I know a couple of things here and there about running a company, from work and direct experience. One thing is how easy it is to “grow” your revenues when your clients aren’t going to pay for the goods you deliver. Another is to understand whether revenues are real or not.
$NVDA revenues grew 85% comparing the first 9 months of 2022 with the same period in 2023 to ~39bn$. Wow, how cool! Well.. very nice if it weren’t for a couple of red flags.
🚩 If $NVDA salespeople are doing such a spectacular job, why aren’t their commissions rising in line with the revenues?

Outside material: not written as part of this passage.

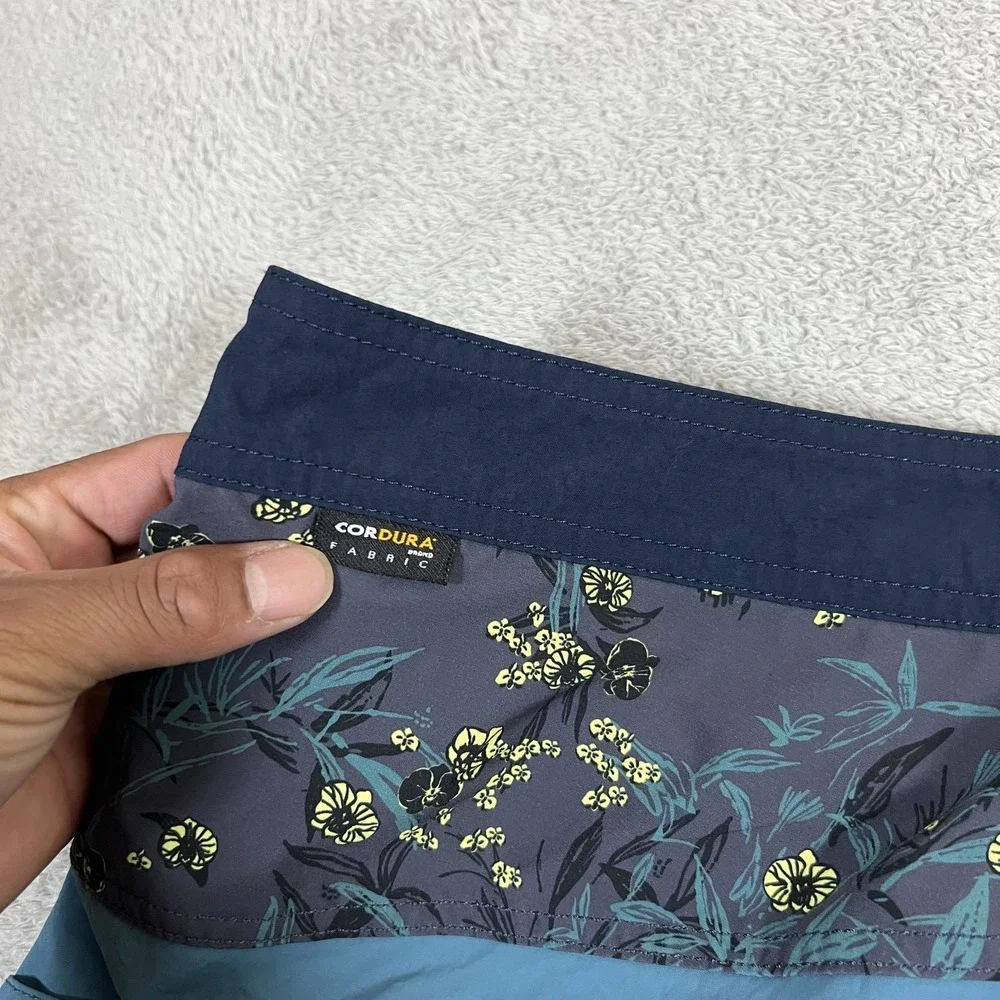 Roark Board Shorts Mens 34 Blue Floral Print Swim Pocket Beach Surfing Strech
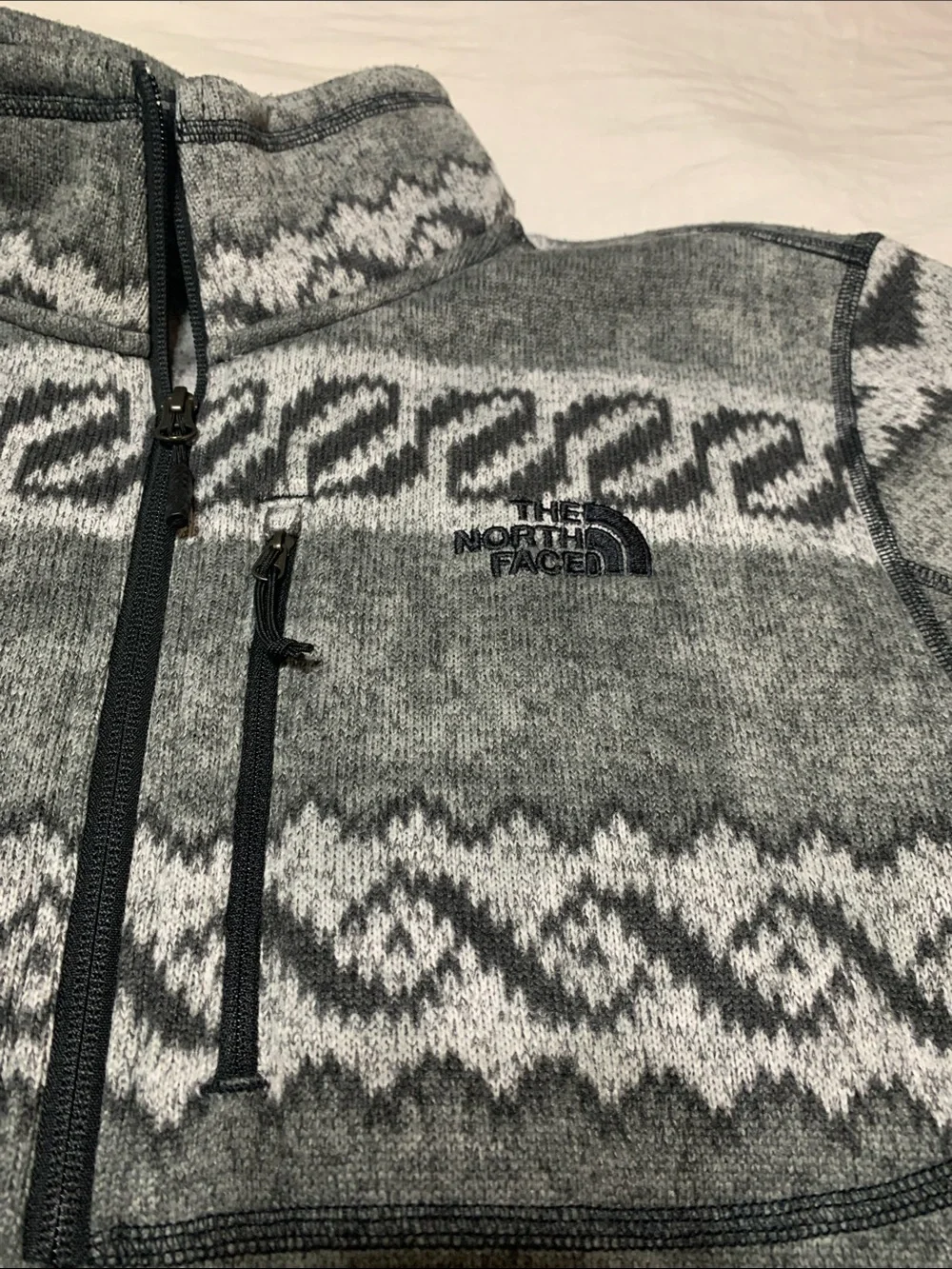 The North Face Men's Gray Patterned Quarter-Zip Sweater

“Sales, General & Administrative” costs for $NVDA increased only 7% in the same timeframe.
Wait, maybe the Salespeople are being paid in $NVDA #stocks? Not according to $NVDA, considering that Stock-Based compensation expenses related to SG&A increased from 498m$ to 633m$ in the period, that’s only 27% compared to an 85% increase in sales still! 🤷🏻♂️ Furthermore, it accounts for the whole growth into their SG&A items.

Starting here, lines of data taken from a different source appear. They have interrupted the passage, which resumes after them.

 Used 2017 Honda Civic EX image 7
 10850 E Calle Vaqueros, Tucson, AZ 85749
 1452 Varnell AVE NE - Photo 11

Wait, are you telling me that $NVDA turnover almost doubled, and their administration expenses remained unchanged? Ahaha… suuuure!
Anyhow, if sales aren’t making the sale, then who’s doing that? The management?
🚩 If $NVDA is doing so well, why did their “Accounts Receivable” explode by a whopping 1,637% to 4.5bn$ in the same timeframe between 2022 and 2023 periods we are examining.
Isn’t it because you are selling things clients aren’t paying for?
🚩 If $NVDA is doing so well, why did their inventory remain the same? When you sell so many goods and keep booking stellar future orders, there should be a physiological increase in inventory, right? Well, not in the case of $NVDA apparently.
$NVDA inventory stood at 4,454m$ in the first 9 months of 2022. Where is it now? 4,779m$. That’s only a 7% increase.
Wait, didn’t we just see a 7% increase in SG&A costs?! Ahah, this smells so much of made-up numbers.
🚩 People familiar with the chip industry know that companies pay royalties to 3rd parties for every chip they sell due to the jungle of IP patents and copyrights that characterize the industry. This item is a constant and highly correlated with revenues.
Now, despite $NVDA expecting exponential growth in its revenues for orders already in the bag, they reported LOWER “Prepaid Royalties” in the first 9 months of 2023 than the same period in 2022, precisely 369m$ vs 393m$.
What I find quite hilarious reading through $NVDA financials is that they use a sneaky trick to fool people’s eyes. Depending on what’s more convenient, they switch the comparison of the data inconsistently against either Dec-22 or Sept-22 throughout the report (so I had to dig out a few numbers from last year’s 10-Q).
By the way, in the same $AAPL fashion, $NVDA is such a good Fixed Income trader as well. Actually, they are even better than Tim-Cooking because he still reports some ~11bn$ of losses in the “Other Comprehensive Income” while $NVDA (apparently) never lost a penny despite holding only 3bn$ in cash and all the remaining 15bn$ between Corporate Bonds and US Treasuries!
If, after reading all I wrote, you still feel confident $NVDA is a safe, sound, and legit investment, then I really did a bad job today.